Referring now to fig. 5A, a plan view of a millimeter-wave waveguide connector 520 is shown, in accordance with additional embodiments of the present invention. In fig. 5A, millimeter wave emitter 552 looks like a fin (i.e., a thin rectangle) in a real plan view. However, for clarity, FIG. 5A is modified slightly to illustrate millimeter wave emitter 552 at a slightly oblique angle relative to the remaining components in FIG. 5A. Rather than being formed as an edge connector (as shown in fig. 2), fig. 5A illustrates a millimeter-wave waveguide connector formed on a single surface of a package substrate 530. According to an embodiment, millimeter-wave waveguide connector 520 may be substantially similar to millimeter-wave waveguide connector 220 described above, except for waveguide launcher portion 550 ₁ And 550 ₂ Two, filter section 560 ₁ And 560 ₂ Both and the multiplexer portion 570 are formed out of a single surface of the package substrate 530. Additionally, while a dual-band millimeter-wave waveguide connector 520 is shown, it is appreciated that additional embodiments may include: a millimeter wave waveguide connector 520 formed on a single surface of the package substrate 530, which accommodates three or more frequency bands.

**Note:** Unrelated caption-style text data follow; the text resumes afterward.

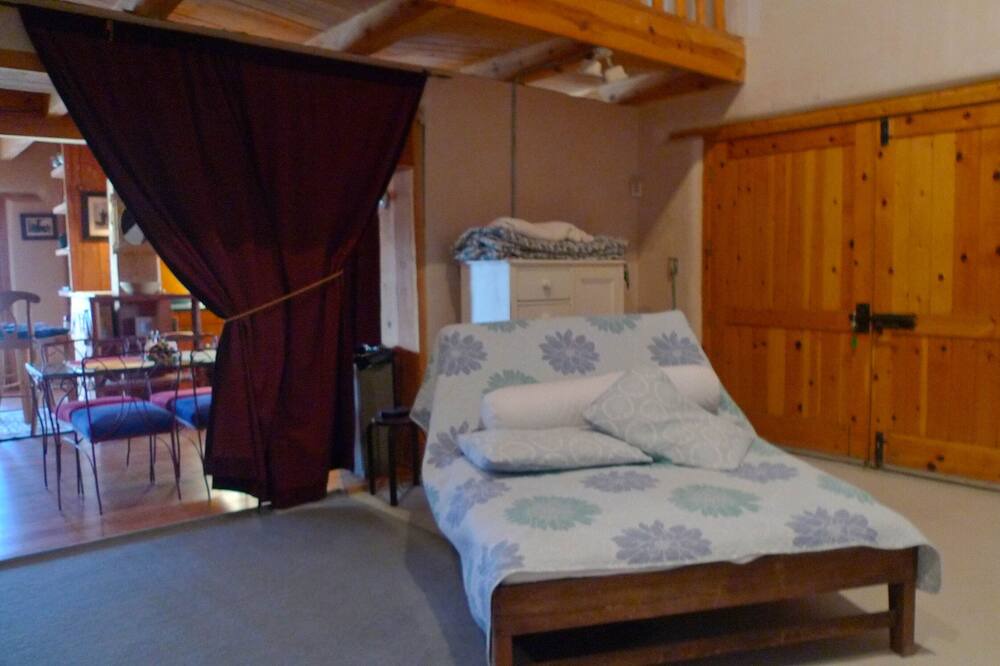 Photo of Bedroom in Bosque Farms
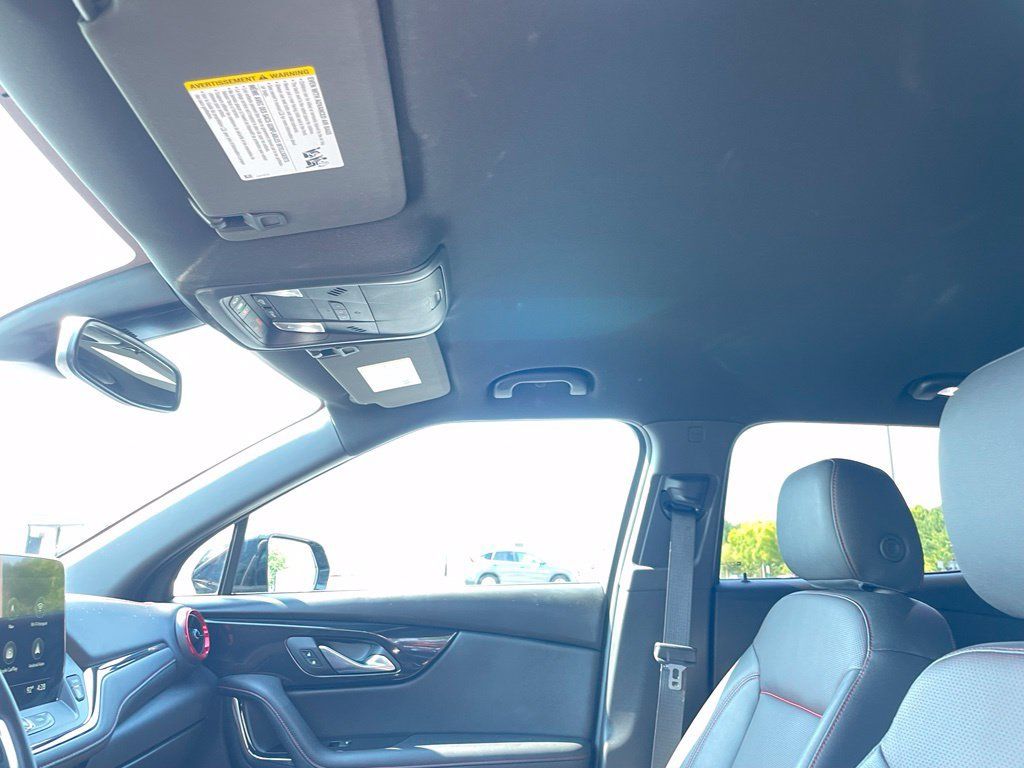 Used 2025 Chevrolet Blazer RS FWD image 29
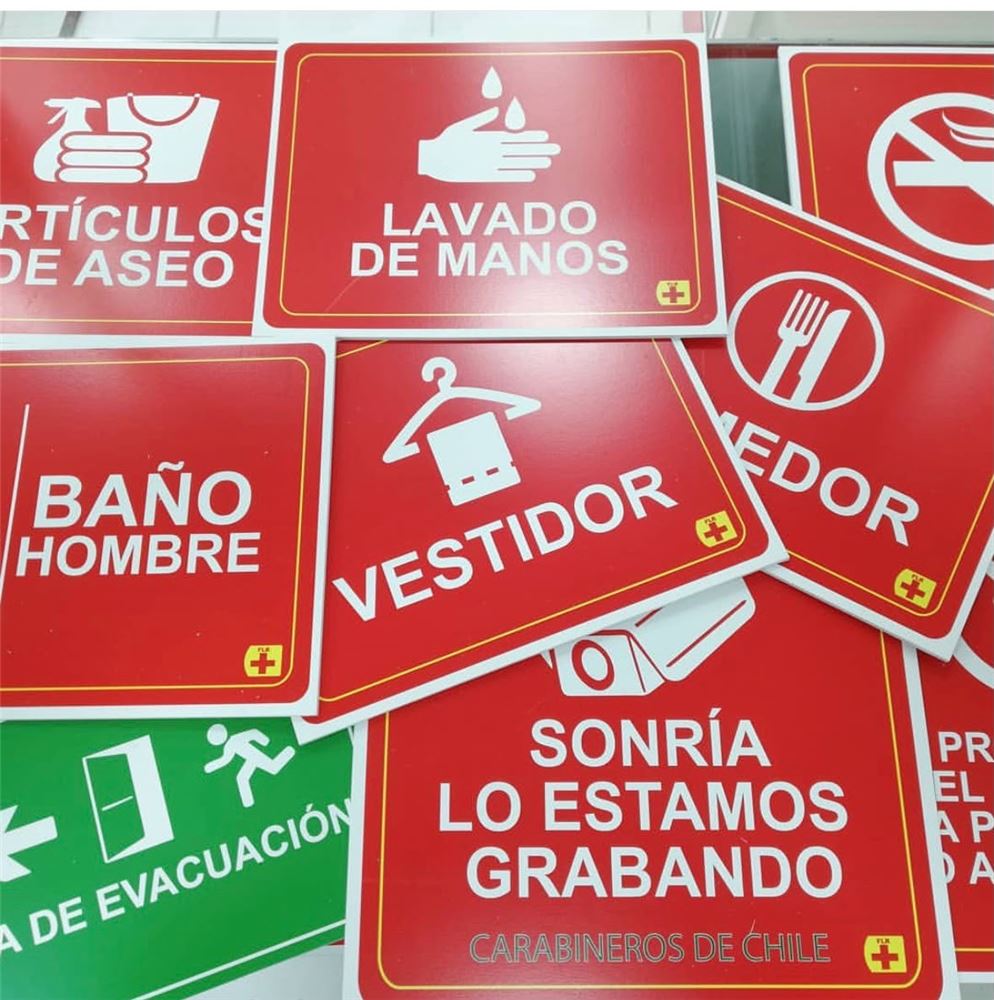 Señalética Farmacias La Rebaja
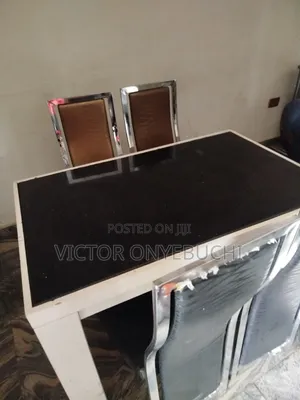 Dinning Table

Referring now to fig. 5B, a plan view illustration of a computing system 521 having multiple millimeter-wave waveguide connectors 520 formed on a single package substrate 530 is shown, in accordance with an embodiment of the present invention. In the illustrated embodiment, each millimeter-wave waveguide connector 520 is substantially similar to the millimeter-wave waveguide connector 520 described in fig. 5A, and therefore will not be described in detail herein. Additionally, while multiple millimeter-wave waveguide connectors 520 are shown on a single surface of the package substrate 530, it is to be appreciated that one or more millimeter-wave waveguide connectors 520 may also be formed on an opposing surface of the package substrate 530. Additional embodiments may further include: multiple edge connector millimeter wave guide connectors 220 similar to those described above are formed on a single package 530.

Referring now to fig. 5C, a cross-sectional illustration of a computing system 522 with multiple millimeter-wave waveguide connectors 520 stacked in the Z dimension is shown, in accordance with an embodiment of the present invention. In an embodiment, the first millimeter wave waveguide connector 520 may be formed on the top surface of the package substrate 530 _T And a second millimeter wave conductive connector 520 may be formed on the bottom surface of the package substrate 530 _B . For example, first millimeter wave transmitter 550 _T1 First ridge-based waveguide filter 560 _T1 And a portion of the multiplexer 570 may be formed on the top surface of the substrate 530. Additionally, second millimeter wave transmitter 550 may be formed on the first component _T2 And a second ridge-based waveguide filter 560 _T2 . In an embodiment, the first component and the second component may be separated by a layer 593. For example, the layer may be an adhesive, a dielectric material, a conductive material, or the like. In an embodiment, layer 593 may be omitted. In embodiments, millimeter-wave transmitter may be coupled to separate conductive traces through different vias that pass through package substrate 530 and/or through millimeter-wave transmitter 550 _T1 And 550 _T2 Of the dielectric material of (a). In the illustrated embodiment, additional millimeter-wave waveguide connectors may be stacked on the first millimeter-wave waveguide connector 520 _T On the top of (c). In an embodiment, the second millimeter-wave waveguide connector 520 _B May also include a first millimeter-wave waveguide connector 520 _T Substantially similar components except that they are formed on opposite sides of the package substrate 530. In additional embodiments, the first millimeter wave waveguide 520 _T And a second millimeter wave waveguide 520 _B May be manufactured as a single component (similar to the embodiment illustrated in fig. 2) and attached to the package substrate 530 as an edge connector. In such an embodiment, a single multiplexA multiplexer may be used to combine/split the four bands. In embodiments, the stacking of millimeter wave waveguide assemblies may be achieved by monolithic fabrication of assembly techniques or by any other fabrication technique.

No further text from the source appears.